Power from the wind? Florida, given the current cost of equipment, is not favorable for the production of wind generated power.

Certification

The certification of a home as “green” is accomplished through several different possible organizations. Two of the most recognizable in this marketplace are LEED (Leadership in Energy and Environmental Design) and FGBC (the Florida Green Building Coalition). LEED is administered under USGBC (the United States Green Building Council), a very large organization. FGBC is strictly a Florida based organization and is better equipped to deal more directly with local environmental issues. There are as many different points of view as there are people but, quite simply, I suggest LEED for commercial projects and FGBC for residential projects.

The process of certification goes something like this. A design professional (architect) can, if he/she is knowledgeable enough, design the project with all the necessary components required for “green” certification, or the design professional can engage a certified design professional that is an “expert” in “green” design, product awareness and the certification process. Once the Construction Documents (CD’s) are completed and the project is permitted the applicant retains a certifying provider which in turn provides a qualified “rating/inspecting” individual to verify the compliance of the structure, the siting of the structure and the construction process with the providers documentation. Most types of “green” certification rely on some form of point system.

Certification (and common sense) takes into account how a principal structure is placed on a site. In most residential situations there is little room for variation (as in narrow city lots or TND communities). It is reasonable to say that only the rural format (acreage) would allow for any real site planning. However, if one starts with a smaller footprint and combines it with a larger “subdivision” type of lot, possible variations could occur. One approach would be to select a model structure and then apply some basic site rules to then select the correct site for optimal orientations.

Site Considerations

From a permaculture point of view one would want a site to be as large as possible. From a TND perspective, not so much. Maybe it depends on your lifestyle… If you were to look at the SKY master Plan it would become obvious that Duany made allowances for both options and some in between.

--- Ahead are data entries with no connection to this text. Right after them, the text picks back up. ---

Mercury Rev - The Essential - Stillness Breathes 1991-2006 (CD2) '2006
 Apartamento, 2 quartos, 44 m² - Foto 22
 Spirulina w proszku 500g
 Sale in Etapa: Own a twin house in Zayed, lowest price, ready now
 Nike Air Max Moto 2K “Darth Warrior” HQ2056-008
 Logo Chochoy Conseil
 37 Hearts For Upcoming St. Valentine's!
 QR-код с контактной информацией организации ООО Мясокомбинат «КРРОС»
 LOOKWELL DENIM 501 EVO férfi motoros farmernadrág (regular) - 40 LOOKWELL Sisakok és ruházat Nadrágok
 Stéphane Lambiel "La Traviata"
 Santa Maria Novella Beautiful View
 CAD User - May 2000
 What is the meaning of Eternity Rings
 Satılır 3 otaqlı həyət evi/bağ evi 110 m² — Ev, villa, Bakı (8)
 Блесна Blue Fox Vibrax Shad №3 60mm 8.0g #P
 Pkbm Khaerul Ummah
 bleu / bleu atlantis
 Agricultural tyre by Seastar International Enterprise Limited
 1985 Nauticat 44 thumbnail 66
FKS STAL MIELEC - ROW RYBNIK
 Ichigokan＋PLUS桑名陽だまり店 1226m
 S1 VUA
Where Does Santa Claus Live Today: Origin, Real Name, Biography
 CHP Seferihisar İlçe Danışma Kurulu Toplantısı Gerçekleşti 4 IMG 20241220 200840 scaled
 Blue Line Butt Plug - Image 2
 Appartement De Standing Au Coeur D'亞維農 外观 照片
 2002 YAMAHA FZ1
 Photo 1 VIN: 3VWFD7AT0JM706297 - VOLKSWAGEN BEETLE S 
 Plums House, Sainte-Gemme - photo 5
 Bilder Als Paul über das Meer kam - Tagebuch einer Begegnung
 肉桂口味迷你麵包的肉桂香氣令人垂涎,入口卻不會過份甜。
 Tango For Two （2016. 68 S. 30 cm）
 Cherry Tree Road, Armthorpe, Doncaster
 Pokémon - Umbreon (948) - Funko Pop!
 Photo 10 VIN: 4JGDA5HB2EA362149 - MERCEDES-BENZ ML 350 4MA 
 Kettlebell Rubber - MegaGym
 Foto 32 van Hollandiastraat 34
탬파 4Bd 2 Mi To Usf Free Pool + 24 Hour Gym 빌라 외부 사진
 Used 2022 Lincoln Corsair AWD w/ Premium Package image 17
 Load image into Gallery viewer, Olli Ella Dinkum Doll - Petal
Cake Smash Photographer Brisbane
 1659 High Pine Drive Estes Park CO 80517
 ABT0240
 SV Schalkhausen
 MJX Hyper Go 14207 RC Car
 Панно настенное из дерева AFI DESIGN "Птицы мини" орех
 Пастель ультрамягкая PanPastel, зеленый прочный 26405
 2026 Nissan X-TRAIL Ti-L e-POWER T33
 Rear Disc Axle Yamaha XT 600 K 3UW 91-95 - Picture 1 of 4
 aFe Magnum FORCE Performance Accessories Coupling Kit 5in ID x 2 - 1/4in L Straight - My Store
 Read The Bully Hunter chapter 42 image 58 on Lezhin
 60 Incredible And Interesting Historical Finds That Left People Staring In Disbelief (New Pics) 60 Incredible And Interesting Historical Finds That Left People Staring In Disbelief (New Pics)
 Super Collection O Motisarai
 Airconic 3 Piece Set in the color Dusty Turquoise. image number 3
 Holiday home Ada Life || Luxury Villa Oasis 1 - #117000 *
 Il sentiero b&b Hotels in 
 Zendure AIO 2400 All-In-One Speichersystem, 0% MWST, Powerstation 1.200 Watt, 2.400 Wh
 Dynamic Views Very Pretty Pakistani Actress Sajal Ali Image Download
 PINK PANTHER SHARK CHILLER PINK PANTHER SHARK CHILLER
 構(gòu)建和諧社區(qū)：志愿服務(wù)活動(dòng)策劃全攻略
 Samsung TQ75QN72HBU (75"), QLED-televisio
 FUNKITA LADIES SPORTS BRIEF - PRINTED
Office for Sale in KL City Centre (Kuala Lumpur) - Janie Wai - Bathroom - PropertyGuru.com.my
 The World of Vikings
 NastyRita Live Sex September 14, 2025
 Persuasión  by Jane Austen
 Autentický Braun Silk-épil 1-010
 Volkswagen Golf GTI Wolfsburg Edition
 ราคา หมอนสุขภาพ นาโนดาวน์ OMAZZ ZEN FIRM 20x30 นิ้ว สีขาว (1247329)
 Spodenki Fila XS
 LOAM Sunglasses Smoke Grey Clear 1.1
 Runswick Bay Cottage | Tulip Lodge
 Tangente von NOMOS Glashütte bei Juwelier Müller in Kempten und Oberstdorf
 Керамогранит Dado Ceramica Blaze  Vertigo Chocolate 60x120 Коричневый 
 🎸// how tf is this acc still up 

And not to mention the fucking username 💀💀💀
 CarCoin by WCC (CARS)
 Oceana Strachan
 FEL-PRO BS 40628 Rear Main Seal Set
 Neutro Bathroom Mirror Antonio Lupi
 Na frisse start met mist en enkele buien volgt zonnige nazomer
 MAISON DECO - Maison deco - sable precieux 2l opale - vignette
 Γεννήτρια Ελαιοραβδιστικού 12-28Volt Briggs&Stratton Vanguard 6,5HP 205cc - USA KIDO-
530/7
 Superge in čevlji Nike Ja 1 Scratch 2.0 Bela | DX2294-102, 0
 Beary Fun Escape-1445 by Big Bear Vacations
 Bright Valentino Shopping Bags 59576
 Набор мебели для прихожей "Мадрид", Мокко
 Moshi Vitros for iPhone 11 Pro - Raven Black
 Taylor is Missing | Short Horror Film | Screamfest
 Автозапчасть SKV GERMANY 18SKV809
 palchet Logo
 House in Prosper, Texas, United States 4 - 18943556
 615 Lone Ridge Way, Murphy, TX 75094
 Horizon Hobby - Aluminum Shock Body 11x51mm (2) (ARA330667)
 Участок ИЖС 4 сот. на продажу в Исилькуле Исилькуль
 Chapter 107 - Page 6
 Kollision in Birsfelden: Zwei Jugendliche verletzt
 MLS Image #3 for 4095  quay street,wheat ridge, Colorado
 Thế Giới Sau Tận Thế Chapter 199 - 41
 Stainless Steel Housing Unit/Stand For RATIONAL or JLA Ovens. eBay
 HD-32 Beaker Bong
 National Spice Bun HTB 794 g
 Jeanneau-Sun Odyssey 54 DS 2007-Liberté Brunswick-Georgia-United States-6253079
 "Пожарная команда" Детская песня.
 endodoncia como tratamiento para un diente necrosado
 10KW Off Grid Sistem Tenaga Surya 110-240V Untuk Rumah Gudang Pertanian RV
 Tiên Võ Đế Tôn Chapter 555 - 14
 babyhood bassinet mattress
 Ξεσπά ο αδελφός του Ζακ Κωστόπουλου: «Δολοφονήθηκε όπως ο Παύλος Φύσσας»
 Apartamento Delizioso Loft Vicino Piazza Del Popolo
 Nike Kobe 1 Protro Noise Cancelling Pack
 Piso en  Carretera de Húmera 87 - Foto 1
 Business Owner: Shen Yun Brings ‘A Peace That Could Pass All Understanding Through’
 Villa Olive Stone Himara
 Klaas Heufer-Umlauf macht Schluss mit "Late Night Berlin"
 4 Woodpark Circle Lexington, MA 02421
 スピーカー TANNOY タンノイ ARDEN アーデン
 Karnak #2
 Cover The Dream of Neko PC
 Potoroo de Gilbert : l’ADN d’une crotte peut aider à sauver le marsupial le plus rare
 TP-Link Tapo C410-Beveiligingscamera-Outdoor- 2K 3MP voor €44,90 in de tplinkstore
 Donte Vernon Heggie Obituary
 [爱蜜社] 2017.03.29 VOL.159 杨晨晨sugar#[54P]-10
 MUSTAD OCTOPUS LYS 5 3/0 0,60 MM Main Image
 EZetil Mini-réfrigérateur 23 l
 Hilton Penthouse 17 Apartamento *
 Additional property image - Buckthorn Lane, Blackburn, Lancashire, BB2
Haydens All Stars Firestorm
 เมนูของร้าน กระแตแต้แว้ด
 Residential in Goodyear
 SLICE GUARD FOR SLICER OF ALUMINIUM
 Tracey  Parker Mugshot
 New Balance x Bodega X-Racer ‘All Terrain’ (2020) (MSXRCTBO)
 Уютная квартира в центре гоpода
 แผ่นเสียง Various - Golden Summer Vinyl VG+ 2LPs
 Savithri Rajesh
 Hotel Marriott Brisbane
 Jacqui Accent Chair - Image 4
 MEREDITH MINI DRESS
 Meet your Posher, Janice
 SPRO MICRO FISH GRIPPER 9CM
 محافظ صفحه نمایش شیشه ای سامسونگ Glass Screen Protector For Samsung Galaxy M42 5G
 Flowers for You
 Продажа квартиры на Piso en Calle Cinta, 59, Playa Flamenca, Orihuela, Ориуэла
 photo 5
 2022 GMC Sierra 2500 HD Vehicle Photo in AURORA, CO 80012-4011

The proper site will allow the principal structure to be situated with the majority of its roof to face south. This is done to accommodate solar water heating devices and PV panel placement on the roof. With a simple gable roof the ridge should run east-west. It is interesting to note that as the efficiency of PV increases and the cost decreases PV placement will have less and less importance since, at our latitude, the sun can be accessible, for the most part, when the panels are horizontal. If the site axis was north-south and the building ridge was east-west then the largest green portion of the lot, possibly oriented toward the kitchen, would accommodate the garden.